TASK INSTRUCTIONS: After finding the line with "Gorgeous smallish hand" in the entries below, retype exactly each line from there through the line with "S6S Mini GPS", including that final line.

-------- RECORDS TO PROCESS

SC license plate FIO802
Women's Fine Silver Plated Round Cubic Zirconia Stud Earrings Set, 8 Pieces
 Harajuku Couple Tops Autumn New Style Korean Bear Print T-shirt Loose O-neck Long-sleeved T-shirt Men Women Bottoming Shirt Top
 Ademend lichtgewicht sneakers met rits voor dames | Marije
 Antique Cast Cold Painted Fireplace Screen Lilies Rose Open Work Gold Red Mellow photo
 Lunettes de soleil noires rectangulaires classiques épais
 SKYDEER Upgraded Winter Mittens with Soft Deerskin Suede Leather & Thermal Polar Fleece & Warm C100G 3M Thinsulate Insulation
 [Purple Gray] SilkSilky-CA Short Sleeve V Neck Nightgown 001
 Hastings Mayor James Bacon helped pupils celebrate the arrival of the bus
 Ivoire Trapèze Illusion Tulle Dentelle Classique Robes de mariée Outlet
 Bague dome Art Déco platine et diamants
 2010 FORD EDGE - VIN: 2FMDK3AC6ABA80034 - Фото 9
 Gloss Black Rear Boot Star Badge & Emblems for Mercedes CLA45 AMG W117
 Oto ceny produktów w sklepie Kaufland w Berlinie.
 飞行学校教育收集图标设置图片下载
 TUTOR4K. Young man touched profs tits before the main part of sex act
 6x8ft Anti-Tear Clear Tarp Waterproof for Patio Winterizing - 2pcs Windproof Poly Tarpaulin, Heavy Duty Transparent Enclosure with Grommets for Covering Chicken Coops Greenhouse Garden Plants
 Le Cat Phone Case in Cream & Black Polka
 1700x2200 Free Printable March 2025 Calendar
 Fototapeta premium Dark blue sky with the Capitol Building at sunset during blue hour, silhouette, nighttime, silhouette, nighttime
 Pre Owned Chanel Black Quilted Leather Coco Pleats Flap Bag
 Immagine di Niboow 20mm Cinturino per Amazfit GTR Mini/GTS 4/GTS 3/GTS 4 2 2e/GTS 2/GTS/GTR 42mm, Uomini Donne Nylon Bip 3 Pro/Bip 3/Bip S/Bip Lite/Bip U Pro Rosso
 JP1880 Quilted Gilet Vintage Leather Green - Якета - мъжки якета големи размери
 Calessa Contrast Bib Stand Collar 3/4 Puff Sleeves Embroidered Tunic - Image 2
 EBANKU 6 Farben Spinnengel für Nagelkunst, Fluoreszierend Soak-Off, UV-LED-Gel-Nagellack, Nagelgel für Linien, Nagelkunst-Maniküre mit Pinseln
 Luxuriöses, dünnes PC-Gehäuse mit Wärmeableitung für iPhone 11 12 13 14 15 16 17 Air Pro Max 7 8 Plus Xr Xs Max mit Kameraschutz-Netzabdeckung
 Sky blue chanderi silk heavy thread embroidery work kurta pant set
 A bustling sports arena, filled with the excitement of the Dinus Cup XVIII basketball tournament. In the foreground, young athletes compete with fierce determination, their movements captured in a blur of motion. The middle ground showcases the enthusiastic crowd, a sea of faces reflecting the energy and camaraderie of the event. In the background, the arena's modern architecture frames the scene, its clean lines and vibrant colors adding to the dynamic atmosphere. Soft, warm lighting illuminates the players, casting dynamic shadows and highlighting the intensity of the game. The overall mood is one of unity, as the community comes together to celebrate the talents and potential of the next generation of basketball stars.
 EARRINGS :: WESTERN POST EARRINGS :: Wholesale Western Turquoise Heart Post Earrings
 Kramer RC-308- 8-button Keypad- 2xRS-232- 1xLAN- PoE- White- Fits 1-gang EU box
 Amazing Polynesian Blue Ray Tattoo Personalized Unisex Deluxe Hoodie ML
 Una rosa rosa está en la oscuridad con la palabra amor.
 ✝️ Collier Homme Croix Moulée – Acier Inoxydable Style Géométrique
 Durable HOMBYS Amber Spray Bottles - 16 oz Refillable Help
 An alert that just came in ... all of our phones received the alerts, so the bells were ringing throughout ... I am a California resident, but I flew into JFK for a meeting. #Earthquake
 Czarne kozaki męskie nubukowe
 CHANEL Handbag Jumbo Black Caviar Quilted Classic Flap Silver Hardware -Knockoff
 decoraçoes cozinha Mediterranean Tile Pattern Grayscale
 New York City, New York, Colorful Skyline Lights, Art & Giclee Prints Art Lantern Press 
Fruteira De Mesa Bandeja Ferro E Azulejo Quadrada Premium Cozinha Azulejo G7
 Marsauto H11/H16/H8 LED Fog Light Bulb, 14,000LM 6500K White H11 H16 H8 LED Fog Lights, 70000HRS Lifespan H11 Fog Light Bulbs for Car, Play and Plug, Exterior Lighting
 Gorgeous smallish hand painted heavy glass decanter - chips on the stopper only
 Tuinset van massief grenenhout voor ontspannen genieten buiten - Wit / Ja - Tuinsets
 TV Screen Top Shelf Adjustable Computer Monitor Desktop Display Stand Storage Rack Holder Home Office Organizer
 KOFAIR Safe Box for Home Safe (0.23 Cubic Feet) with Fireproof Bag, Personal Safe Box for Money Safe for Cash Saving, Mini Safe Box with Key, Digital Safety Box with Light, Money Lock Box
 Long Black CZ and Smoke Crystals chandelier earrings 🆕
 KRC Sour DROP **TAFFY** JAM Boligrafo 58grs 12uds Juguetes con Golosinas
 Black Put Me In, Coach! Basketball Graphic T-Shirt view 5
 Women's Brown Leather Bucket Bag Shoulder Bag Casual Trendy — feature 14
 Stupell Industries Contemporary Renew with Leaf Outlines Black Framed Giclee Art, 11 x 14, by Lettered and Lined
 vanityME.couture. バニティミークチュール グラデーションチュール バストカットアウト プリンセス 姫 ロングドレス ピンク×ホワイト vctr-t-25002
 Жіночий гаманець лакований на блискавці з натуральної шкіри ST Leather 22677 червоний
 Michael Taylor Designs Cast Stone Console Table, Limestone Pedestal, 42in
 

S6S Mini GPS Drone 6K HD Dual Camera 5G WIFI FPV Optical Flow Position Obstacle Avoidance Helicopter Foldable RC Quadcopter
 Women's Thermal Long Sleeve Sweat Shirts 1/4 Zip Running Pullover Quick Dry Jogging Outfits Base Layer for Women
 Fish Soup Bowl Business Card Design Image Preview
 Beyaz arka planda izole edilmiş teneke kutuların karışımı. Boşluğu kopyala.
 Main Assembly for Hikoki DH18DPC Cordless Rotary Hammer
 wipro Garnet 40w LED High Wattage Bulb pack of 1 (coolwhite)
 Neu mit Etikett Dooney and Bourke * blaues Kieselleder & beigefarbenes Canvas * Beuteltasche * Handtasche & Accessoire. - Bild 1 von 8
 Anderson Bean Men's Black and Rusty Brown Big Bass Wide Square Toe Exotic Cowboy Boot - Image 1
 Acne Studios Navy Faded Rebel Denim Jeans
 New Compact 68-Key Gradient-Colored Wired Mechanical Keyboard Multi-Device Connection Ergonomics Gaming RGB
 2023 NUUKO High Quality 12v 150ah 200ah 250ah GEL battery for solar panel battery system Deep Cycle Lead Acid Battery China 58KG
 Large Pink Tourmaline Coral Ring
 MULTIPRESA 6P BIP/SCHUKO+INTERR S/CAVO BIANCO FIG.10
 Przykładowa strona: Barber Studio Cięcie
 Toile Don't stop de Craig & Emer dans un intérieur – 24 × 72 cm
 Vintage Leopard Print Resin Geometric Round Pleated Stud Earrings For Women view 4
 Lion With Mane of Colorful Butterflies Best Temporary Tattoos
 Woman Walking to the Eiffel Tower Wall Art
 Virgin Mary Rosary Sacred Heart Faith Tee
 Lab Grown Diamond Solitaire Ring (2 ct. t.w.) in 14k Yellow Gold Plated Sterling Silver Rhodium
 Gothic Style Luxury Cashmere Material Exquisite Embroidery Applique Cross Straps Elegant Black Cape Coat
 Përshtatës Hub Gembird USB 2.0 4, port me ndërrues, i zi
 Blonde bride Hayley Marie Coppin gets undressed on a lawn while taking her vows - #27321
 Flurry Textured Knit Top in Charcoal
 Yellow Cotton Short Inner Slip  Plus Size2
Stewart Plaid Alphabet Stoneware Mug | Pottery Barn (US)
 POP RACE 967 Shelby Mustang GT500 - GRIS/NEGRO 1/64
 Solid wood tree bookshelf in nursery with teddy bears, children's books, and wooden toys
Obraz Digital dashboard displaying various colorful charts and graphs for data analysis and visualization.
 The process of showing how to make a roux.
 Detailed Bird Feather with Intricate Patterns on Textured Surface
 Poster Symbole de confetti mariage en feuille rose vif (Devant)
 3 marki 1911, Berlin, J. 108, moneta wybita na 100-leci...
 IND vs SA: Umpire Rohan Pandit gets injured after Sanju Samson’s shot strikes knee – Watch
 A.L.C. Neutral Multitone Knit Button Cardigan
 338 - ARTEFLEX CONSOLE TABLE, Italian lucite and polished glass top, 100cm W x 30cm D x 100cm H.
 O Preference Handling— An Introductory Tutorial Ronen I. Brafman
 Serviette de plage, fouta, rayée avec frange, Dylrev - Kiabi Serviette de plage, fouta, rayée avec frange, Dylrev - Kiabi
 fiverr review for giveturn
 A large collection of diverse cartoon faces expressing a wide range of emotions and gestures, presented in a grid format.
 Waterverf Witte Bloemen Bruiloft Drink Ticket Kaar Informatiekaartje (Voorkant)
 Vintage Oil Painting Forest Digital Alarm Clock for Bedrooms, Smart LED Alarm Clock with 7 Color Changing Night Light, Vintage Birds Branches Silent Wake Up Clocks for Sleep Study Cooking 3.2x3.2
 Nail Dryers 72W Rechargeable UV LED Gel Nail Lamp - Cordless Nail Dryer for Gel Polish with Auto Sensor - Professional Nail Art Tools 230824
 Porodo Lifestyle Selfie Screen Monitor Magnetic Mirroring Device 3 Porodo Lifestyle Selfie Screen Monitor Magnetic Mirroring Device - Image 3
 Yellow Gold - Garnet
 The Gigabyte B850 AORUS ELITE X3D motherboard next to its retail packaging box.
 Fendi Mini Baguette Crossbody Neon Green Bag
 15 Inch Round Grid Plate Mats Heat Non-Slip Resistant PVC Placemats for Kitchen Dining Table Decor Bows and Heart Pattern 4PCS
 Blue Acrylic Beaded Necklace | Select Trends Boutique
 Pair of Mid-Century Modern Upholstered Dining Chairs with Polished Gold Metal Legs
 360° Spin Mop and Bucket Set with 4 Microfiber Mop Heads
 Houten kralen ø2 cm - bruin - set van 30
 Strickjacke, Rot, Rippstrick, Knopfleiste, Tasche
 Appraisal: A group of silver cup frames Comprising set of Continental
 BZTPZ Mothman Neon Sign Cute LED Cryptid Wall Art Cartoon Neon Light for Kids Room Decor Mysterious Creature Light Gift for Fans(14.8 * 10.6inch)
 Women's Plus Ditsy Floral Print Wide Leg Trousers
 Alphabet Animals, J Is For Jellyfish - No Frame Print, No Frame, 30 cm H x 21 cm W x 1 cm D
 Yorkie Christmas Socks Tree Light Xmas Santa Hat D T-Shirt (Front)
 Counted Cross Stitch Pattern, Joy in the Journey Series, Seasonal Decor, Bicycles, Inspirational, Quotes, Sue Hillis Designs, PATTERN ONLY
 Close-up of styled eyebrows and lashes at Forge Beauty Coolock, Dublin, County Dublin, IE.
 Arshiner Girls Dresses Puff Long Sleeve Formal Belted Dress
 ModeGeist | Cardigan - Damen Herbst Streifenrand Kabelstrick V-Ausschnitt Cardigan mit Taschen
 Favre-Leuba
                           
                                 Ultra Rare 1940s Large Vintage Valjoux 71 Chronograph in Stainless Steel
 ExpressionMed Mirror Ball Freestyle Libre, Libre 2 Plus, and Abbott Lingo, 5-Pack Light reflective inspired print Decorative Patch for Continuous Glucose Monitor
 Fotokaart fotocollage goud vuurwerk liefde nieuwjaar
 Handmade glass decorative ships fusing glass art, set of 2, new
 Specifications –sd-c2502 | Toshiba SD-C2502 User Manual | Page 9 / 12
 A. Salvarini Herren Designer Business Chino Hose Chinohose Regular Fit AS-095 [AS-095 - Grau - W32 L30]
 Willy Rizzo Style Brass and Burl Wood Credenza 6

----------------

EXERCISE OUTPUT:
 Gorgeous smallish hand painted heavy glass decanter - chips on the stopper only
 Tuinset van massief grenenhout voor ontspannen genieten buiten - Wit / Ja - Tuinsets
 TV Screen Top Shelf Adjustable Computer Monitor Desktop Display Stand Storage Rack Holder Home Office Organizer
 KOFAIR Safe Box for Home Safe (0.23 Cubic Feet) with Fireproof Bag, Personal Safe Box for Money Safe for Cash Saving, Mini Safe Box with Key, Digital Safety Box with Light, Money Lock Box
 Long Black CZ and Smoke Crystals chandelier earrings 🆕
 KRC Sour DROP **TAFFY** JAM Boligrafo 58grs 12uds Juguetes con Golosinas
 Black Put Me In, Coach! Basketball Graphic T-Shirt view 5
 Women's Brown Leather Bucket Bag Shoulder Bag Casual Trendy — feature 14
 Stupell Industries Contemporary Renew with Leaf Outlines Black Framed Giclee Art, 11 x 14, by Lettered and Lined
 vanityME.couture. バニティミークチュール グラデーションチュール バストカットアウト プリンセス 姫 ロングドレス ピンク×ホワイト vctr-t-25002
 Жіночий гаманець лакований на блискавці з натуральної шкіри ST Leather 22677 червоний
 Michael Taylor Designs Cast Stone Console Table, Limestone Pedestal, 42in
 

S6S Mini GPS Drone 6K HD Dual Camera 5G WIFI FPV Optical Flow Position Obstacle Avoidance Helicopter Foldable RC Quadcopter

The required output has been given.